# Does anyone make a balancing system for lead-acid batteries?



## speculawyer (Feb 10, 2009)

Well now . . . here is someone that created their own simple battery balancing circuit and seems pretty happy with the results:

http://axiom.anu.edu.au/~luke/xr4000batbal.html


----------



## Technologic (Jul 20, 2008)

speculawyer said:


> Well now . . . here is someone that created their own simple battery balancing circuit and seems pretty happy with the results:
> 
> http://axiom.anu.edu.au/~luke/xr4000batbal.html


My understanding is it's just not that necessary... undervoltage cutoffs for the entire pack is all you'd need.

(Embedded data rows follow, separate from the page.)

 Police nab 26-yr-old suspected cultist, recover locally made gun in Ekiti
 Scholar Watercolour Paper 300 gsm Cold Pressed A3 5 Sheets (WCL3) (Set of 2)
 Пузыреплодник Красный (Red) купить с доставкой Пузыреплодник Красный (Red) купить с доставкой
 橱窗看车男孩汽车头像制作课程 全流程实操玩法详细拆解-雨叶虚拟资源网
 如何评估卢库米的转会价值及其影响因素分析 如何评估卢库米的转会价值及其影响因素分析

overcharging LA's don't "generally" have serious issues like with lifepo's. Of course that's only to a point, but most standard battery chargers have a cutoff while charging.

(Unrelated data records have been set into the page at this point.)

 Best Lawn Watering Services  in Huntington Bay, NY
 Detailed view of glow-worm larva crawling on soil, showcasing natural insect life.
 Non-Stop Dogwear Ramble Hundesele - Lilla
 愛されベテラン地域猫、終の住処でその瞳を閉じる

You don't want to just keep charging LA's for many hours after they're full, but for 1-2 hours additional it doesn't really do anything.

Undervoltage is important to make sure they don't drain past about 50% DOD (at least if you want 25,000 miles out of a pack)


----------



## speculawyer (Feb 10, 2009)

Technologic said:


> overcharging LA's don't "generally" have serious issues like with lifepo's. Of course that's only to a point, but most standard battery chargers have a cutoff while charging.
> 
> You don't want to just keep charging LA's for many hours after they're full, but for 1-2 hours additional it doesn't really do anything.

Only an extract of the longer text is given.